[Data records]

★ ★ ★ ★

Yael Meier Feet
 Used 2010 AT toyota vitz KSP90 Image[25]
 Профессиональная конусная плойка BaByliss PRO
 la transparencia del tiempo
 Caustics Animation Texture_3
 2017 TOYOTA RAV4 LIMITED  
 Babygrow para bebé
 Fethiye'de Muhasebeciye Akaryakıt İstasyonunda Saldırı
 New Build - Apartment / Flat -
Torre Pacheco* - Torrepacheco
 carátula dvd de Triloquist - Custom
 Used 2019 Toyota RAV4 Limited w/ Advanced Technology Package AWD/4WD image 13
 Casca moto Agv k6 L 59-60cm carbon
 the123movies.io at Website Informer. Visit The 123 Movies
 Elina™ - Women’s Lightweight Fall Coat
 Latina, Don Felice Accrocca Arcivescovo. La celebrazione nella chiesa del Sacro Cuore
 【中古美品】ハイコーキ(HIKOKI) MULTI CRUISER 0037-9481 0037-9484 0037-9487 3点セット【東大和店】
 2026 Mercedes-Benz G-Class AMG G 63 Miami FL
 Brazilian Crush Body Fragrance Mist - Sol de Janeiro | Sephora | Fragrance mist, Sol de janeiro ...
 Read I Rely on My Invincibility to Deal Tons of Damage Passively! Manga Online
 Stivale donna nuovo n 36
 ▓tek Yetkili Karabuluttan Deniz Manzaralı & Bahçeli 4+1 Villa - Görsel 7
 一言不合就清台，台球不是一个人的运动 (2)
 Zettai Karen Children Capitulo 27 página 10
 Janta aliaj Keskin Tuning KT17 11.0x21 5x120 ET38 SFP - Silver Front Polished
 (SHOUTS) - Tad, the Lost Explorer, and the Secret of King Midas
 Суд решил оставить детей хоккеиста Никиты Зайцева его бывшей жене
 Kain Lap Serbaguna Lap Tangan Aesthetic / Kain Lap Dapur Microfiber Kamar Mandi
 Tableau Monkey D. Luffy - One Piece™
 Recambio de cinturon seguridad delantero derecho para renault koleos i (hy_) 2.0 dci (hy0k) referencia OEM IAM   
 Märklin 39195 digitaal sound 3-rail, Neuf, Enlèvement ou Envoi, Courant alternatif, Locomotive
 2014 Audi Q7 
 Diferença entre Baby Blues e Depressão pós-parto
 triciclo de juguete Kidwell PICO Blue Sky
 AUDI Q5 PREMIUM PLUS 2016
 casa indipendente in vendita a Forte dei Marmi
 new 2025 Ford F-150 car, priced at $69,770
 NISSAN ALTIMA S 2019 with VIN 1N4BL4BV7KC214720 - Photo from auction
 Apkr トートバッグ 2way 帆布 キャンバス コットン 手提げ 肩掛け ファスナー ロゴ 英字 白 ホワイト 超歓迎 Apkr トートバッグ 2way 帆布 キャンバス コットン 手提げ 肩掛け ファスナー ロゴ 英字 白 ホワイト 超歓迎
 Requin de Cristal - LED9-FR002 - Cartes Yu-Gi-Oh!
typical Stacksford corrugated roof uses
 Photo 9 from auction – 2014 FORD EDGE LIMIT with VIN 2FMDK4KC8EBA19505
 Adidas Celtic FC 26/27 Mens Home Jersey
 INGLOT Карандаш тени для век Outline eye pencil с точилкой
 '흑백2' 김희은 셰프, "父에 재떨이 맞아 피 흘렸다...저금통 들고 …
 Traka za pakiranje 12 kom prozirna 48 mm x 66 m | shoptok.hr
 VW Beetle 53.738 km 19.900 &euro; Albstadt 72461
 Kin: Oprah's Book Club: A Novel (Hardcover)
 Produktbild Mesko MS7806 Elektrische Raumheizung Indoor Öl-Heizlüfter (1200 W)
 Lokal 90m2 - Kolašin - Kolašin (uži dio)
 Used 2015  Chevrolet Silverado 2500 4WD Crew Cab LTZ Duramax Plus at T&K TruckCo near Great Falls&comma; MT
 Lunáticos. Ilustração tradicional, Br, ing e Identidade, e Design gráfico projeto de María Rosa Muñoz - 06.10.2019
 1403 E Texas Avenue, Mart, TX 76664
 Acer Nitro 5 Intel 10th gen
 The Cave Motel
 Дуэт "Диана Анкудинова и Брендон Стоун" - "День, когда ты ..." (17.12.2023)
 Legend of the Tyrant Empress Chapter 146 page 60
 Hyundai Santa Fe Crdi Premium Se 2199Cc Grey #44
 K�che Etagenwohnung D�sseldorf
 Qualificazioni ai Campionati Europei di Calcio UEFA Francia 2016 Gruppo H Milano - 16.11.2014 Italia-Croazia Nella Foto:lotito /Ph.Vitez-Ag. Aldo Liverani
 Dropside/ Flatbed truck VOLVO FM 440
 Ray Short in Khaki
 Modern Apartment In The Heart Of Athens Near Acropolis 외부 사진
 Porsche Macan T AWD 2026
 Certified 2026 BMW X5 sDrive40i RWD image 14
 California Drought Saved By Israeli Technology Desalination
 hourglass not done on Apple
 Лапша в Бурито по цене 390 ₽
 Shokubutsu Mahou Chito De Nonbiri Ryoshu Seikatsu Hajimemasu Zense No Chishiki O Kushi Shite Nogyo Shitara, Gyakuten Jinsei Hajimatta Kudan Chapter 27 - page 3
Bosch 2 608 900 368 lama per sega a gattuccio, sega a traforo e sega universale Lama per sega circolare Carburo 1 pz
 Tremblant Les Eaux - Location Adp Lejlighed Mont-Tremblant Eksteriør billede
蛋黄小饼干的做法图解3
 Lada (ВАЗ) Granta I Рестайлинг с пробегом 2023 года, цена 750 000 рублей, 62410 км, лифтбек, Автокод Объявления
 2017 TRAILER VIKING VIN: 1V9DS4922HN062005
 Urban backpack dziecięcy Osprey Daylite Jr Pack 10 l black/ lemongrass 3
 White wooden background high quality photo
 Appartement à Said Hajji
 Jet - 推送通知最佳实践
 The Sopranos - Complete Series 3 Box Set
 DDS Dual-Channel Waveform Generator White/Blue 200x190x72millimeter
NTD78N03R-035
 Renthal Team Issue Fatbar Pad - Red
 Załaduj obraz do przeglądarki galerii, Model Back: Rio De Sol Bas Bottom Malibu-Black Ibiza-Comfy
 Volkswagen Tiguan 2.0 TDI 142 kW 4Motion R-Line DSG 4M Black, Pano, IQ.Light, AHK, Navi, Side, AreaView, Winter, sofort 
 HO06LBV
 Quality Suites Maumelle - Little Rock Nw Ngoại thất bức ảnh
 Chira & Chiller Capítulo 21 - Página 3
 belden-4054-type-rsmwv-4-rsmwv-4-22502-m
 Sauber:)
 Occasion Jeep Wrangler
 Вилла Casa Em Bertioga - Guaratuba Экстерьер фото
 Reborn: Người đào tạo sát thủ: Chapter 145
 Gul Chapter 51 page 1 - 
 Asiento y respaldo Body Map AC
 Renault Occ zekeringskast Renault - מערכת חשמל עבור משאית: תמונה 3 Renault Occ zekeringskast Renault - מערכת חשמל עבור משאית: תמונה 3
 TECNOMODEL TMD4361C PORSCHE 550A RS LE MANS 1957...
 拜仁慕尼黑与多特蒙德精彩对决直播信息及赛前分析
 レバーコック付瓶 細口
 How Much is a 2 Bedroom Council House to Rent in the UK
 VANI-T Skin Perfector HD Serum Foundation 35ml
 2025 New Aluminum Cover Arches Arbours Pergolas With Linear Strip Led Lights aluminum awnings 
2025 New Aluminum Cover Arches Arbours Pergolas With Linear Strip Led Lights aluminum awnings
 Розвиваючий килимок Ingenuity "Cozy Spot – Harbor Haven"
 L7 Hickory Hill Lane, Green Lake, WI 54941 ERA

★ ★ ★ ★

Exercise details:
Search the entries above for the word "from" and copy each line where it appears.

Response:
 NISSAN ALTIMA S 2019 with VIN 1N4BL4BV7KC214720 - Photo from auction
 Photo 9 from auction – 2014 FORD EDGE LIMIT with VIN 2FMDK4KC8EBA19505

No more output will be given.